I am thinking about doing what I'm guessing you're saying, sort of. You suggest using even more drives with another controller. But I might just try it with my small SSD as the primary datastore and not put too many "other video" VMs on this machine. This way it frees up the big HDDs(and controller) for direct pass-through to the NAS VM, and let ZFS handle it. This means some reconfiguration, with some other issues.

1) I have 8x 4tb disks, in a nice 8x external enclosure, fed from my nice 8x port raid card. ZFS RAIDZ2 (which I would use) seems to like 4,6,or 10 disks. So, I either abandon my last two drives, or use up my two spares to form a 10x disk array, which sounds awesome, except in addition to needing spares.... I also cannot use my raid card, nor my enclosure.....

Is a 8x 4tb RAIDz2 really that bad? As far as performance, it just has to saturate a gigabit connection. How does it affect performance? Is it going to make I/Os slower or will it just require more CPU to maintain the same speeds?

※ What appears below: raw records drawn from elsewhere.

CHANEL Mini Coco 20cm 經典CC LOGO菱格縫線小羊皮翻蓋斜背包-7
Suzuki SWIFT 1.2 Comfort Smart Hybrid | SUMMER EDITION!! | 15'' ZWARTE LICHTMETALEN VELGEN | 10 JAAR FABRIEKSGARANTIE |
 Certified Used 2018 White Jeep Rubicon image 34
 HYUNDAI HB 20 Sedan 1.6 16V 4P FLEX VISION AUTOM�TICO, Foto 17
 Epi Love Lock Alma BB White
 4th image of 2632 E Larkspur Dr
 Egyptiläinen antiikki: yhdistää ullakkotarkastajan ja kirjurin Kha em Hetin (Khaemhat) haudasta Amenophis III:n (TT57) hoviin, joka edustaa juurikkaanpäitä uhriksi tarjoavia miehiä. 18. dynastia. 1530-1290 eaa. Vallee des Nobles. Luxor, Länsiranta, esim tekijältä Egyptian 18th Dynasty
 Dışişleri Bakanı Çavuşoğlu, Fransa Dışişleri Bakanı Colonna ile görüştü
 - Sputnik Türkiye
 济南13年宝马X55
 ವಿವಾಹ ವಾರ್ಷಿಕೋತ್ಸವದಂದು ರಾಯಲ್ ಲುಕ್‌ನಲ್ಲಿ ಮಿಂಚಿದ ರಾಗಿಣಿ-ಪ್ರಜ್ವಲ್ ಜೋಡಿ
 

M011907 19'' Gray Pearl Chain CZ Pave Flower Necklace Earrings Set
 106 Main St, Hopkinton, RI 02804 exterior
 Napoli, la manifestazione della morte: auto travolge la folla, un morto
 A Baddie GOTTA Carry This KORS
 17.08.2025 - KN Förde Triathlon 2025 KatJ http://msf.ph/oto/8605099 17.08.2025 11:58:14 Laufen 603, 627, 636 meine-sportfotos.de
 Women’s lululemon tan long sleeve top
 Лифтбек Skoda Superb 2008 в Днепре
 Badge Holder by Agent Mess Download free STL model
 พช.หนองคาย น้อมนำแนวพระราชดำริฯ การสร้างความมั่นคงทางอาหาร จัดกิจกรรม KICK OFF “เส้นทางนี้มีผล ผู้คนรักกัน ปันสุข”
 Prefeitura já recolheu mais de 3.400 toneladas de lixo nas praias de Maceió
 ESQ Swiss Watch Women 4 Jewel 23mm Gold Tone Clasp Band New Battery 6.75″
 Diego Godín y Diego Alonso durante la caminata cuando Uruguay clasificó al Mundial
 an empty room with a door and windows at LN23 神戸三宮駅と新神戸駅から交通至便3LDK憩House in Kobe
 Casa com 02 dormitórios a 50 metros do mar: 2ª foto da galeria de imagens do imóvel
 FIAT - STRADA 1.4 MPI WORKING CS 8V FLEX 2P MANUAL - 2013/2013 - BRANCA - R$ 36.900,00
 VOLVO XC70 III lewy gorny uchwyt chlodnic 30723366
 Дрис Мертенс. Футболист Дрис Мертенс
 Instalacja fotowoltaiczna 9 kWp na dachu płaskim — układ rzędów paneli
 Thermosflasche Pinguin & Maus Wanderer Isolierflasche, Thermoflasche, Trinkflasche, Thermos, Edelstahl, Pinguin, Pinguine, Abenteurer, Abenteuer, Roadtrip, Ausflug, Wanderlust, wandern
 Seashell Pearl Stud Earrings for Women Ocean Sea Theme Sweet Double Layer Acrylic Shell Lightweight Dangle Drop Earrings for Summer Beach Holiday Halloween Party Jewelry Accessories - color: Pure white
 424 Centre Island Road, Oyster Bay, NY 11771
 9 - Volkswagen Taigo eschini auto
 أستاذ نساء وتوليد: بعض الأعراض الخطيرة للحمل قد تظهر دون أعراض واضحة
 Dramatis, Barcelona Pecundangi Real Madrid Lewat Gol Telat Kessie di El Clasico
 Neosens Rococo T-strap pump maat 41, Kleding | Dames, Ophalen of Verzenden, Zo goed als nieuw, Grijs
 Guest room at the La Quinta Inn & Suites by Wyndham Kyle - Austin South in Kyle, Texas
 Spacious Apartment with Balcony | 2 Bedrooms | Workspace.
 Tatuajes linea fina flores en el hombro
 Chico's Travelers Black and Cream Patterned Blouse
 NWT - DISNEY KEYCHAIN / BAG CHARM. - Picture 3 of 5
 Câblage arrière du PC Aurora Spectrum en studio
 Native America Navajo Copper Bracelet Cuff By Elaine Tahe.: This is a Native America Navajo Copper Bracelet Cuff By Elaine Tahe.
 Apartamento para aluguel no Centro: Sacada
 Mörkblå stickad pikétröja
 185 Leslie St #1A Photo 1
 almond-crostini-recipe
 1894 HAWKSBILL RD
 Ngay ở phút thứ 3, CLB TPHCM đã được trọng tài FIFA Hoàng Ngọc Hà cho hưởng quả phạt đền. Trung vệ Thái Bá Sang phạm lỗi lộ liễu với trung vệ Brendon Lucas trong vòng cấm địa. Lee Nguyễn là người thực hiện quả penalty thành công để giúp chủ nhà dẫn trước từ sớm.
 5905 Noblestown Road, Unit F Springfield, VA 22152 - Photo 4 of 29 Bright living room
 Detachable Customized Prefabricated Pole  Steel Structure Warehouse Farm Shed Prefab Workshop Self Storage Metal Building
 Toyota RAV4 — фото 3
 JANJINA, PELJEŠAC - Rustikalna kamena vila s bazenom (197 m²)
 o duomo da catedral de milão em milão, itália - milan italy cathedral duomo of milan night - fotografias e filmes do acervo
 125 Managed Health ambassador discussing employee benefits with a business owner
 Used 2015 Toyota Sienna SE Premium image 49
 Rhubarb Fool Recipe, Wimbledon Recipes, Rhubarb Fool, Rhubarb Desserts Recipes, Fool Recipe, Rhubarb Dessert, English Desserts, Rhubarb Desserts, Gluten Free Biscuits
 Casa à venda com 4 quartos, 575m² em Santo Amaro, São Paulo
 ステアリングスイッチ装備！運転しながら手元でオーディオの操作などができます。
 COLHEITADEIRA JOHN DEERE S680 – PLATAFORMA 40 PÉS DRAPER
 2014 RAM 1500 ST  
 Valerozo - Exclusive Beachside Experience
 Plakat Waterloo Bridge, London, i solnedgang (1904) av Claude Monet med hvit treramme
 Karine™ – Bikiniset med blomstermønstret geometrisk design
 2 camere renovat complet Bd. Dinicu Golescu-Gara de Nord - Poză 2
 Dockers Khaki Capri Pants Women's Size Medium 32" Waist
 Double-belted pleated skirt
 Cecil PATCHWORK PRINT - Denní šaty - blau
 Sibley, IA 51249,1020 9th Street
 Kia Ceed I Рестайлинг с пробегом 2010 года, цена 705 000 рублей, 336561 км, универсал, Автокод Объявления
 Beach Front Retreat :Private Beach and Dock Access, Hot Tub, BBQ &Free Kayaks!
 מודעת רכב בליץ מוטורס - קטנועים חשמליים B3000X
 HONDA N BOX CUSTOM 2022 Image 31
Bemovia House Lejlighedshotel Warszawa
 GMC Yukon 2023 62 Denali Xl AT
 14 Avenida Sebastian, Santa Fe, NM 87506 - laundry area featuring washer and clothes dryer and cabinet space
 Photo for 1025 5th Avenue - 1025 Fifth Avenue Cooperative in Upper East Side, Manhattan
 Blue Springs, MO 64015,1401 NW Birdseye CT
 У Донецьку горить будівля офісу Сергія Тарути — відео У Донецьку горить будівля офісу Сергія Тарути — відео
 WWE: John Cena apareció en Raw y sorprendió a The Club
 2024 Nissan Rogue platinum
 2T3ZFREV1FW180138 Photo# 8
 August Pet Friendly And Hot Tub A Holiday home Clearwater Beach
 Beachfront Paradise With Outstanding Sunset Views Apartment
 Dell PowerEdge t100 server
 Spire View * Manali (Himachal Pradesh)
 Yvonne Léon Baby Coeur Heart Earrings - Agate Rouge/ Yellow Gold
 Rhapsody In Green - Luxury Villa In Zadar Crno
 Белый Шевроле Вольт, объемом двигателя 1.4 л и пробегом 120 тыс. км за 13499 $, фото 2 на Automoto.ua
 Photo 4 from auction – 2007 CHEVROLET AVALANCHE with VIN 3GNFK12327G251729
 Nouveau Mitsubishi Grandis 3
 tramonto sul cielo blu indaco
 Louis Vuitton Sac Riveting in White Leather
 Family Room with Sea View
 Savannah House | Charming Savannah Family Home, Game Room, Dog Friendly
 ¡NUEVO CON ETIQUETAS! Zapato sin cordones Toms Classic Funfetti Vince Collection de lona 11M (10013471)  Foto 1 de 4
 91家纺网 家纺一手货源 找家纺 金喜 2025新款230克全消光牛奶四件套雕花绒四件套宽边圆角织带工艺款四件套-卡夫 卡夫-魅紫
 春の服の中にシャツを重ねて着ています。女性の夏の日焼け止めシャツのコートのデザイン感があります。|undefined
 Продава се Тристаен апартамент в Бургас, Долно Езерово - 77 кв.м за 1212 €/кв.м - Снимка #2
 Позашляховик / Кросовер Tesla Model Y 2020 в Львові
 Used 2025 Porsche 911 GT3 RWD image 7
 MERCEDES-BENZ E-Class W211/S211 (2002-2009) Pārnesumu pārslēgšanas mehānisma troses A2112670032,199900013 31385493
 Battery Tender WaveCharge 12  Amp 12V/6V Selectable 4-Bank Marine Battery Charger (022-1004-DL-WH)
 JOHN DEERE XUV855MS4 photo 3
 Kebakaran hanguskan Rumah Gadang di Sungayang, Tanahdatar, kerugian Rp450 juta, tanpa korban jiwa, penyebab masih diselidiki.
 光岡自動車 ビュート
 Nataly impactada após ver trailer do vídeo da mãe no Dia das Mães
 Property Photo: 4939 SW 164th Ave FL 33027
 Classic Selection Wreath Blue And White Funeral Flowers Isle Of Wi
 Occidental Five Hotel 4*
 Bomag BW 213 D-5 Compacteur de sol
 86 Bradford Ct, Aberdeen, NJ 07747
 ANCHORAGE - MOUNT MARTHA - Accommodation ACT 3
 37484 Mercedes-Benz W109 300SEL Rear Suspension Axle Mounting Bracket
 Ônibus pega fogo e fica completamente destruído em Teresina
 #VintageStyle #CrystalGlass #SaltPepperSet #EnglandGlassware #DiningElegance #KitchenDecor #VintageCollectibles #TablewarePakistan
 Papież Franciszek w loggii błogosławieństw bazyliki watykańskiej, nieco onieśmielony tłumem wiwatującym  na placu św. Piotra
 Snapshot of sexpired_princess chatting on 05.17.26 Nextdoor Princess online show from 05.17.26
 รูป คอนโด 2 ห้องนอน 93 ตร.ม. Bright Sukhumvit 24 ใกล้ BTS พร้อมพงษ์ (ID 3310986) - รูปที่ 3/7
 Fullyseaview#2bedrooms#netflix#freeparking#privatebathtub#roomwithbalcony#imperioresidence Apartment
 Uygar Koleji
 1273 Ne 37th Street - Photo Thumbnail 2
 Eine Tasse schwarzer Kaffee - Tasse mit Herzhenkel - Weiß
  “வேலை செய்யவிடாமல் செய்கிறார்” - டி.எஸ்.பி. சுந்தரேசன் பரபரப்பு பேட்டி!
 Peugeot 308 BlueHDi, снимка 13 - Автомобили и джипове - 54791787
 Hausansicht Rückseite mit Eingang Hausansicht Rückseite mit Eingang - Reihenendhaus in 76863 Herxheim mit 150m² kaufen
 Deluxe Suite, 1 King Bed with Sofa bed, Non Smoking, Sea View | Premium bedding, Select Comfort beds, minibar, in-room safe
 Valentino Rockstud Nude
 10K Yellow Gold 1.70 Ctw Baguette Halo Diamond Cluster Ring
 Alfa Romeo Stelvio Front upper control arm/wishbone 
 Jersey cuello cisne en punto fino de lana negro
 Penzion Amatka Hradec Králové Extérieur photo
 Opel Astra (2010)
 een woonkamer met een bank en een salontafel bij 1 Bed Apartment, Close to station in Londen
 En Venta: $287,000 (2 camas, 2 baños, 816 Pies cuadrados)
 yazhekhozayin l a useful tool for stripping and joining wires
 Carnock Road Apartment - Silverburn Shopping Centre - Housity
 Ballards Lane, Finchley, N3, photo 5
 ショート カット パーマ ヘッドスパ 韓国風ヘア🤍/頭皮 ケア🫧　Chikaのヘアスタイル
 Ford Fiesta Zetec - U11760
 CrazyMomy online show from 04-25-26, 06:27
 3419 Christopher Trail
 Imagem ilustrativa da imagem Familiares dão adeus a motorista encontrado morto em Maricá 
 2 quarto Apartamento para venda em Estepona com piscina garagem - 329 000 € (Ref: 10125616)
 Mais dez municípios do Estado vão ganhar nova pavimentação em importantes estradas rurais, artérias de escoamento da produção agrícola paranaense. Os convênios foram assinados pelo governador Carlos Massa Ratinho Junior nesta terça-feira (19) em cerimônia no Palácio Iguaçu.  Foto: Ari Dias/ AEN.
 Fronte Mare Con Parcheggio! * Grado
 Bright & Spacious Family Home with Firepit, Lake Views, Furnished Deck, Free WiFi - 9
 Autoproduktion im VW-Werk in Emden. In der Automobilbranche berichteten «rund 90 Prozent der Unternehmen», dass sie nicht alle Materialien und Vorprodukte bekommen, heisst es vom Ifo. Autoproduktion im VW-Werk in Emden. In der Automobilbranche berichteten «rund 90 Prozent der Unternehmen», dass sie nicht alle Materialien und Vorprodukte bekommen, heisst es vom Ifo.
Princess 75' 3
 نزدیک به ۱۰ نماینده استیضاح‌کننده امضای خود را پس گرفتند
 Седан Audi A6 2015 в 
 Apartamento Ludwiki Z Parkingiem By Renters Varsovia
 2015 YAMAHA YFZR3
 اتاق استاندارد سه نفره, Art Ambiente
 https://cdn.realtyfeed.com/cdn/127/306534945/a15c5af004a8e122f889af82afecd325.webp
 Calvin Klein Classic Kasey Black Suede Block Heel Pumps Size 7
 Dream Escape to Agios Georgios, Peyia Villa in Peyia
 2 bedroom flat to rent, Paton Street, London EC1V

After a quick look around, it seems like my only 10 drive solution is to return my external stuff and get a big honkin case with 12 hot swap bays, and a 16 port hba card.


2) Also, how much CPU can I count on this ZFS option using to serve a solid gigabit stream of data? My CPU is a quad-core Xeon E3-1230V3. I was planning on giving it 2 cores, but even using N4F without ZFS, just to serve the files off a hardware raid6 uses half of each core solid when transferring a fully-saturated gigabit stream. What can I expect from adding the ZFS/RAIDZ2 overhead. This doesn't leave too much for my other VMs....

Thoughts?

Re: System Donation (usage for a couple weeks)

Posted: 09 Jul 2013 13:56
by RedAntz
All my suggestion in previous post is mainly based on the assumption that you require 400MB/s+ for video editing work. You didn't mention that you have an SSD to use in your first post.
I might just try it with my small SSD as the primary datastore and not put too many "other video" VMs on this machine. This way it frees up the big HDDs(and controller) for direct pass-through to the NAS VM, and let ZFS handle it. This means some reconfiguration, with some other issues.
Yes, this can work.

Any single modern hard disk can almost saturate your gigabit ethernet, although you can potentially setup 10GBe ethernet driver within VM to lift the bottleneck.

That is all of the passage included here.